Maritime forces from Australia, Japan, Republic of Korea, and the United States met in the waters off the eastern coast of Australia to conduct cooperative maritime exercise Pacific Vanguard (PACVAN) 2021 beginning July 5. The Royal Australian Navy is hosting this year’s exercise, demonstrating shared trust and cooperation amongst the four nations. PACVAN is an opportunity for the four Indo-Pacific navies to strengthen their skills in maritime operations including anti-submarine warfare, air warfare, live-fire missile events, and advanced maneuvering scenarios.
“Exercise Pacific Vanguard builds on the strong and longstanding relationship between the Royal Australian and United States navies and reflects our shared commitment to robust navy-to-navy relationships across the region,” said Cmdr. Aaron Cox, commanding officer, HMAS Brisbane. “Our fleet has enjoyed multiple chances to work with the United States Navy this year and the crew of Brisbane is eager to test their skills with USS Rafael Peralta and show how our capabilities combine.
Representing Australia are the Royal Australian Navy Hobart-class destroyer HMAS Brisbane (DDG 41), Collins-class submarine HMAS Rankin (SSG 78), and aircraft from the Royal Australian Air Force. Representing the U.S. Navy is the newest addition to Destroyer Squadron (DESRON) 15, Arleigh Burke-class guided-missile destroyer USS Raphael Peralta (DDG 115). The Republic of Korea (ROK) Navy Chungmugong Yi Sun-sin-class destroyer ROKS Wang Geon (DDH 978) participated in the exercise.
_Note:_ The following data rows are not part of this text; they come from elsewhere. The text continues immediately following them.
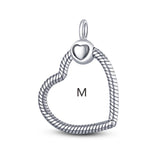 Silver O Pendant with Heart Charm - DIY Necklace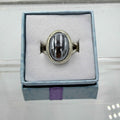 Sterling Silver Split Banded Oval Terahertz Ring - Size 7 - Healing, Energizing & Cleansing | Rings | Wiccan Center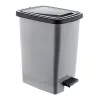 Műanyag pedálos szemetes, ezüst/szürke 15L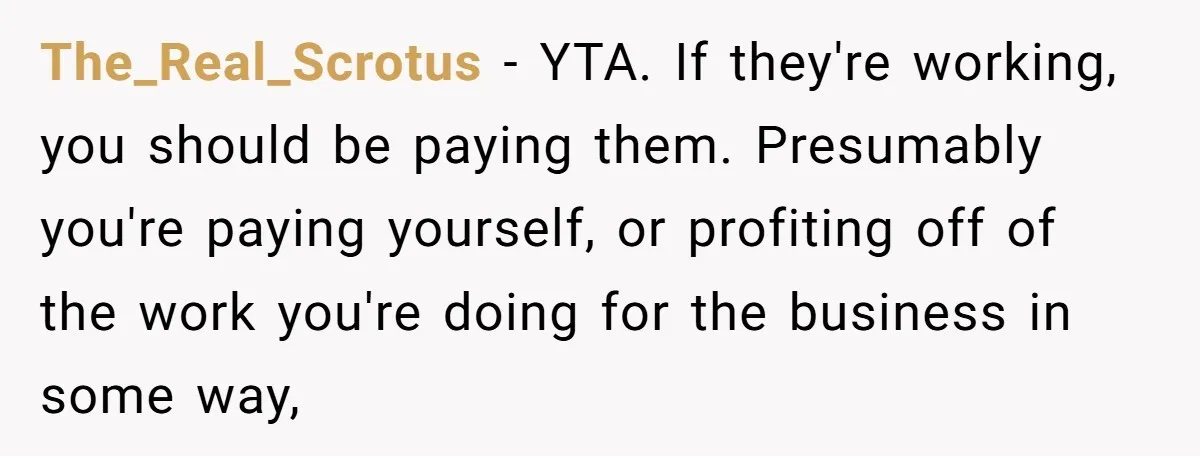 The_Real_Scrotus − YTA. If they're working, you should be paying them. Presumably you're paying yourself, or profiting off of the work you're doing for the business in some way,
The Royal Australian Navy HMAS Brisbane initiated the combined firepower with the launch of an Evolved Sea Sparrow Missile (ESSM). This was followed by missile firings from JS Makinami and USS Rafael Peralta. The ships operated as a task group led by ROKS Wang Geon, which included the Australian submarine HMAS Rankin. As well as the live-missile firings, the four partner nations are conducting a range of training activities, including surface warfare, anti-submarine warfare and ship-to-ship communications.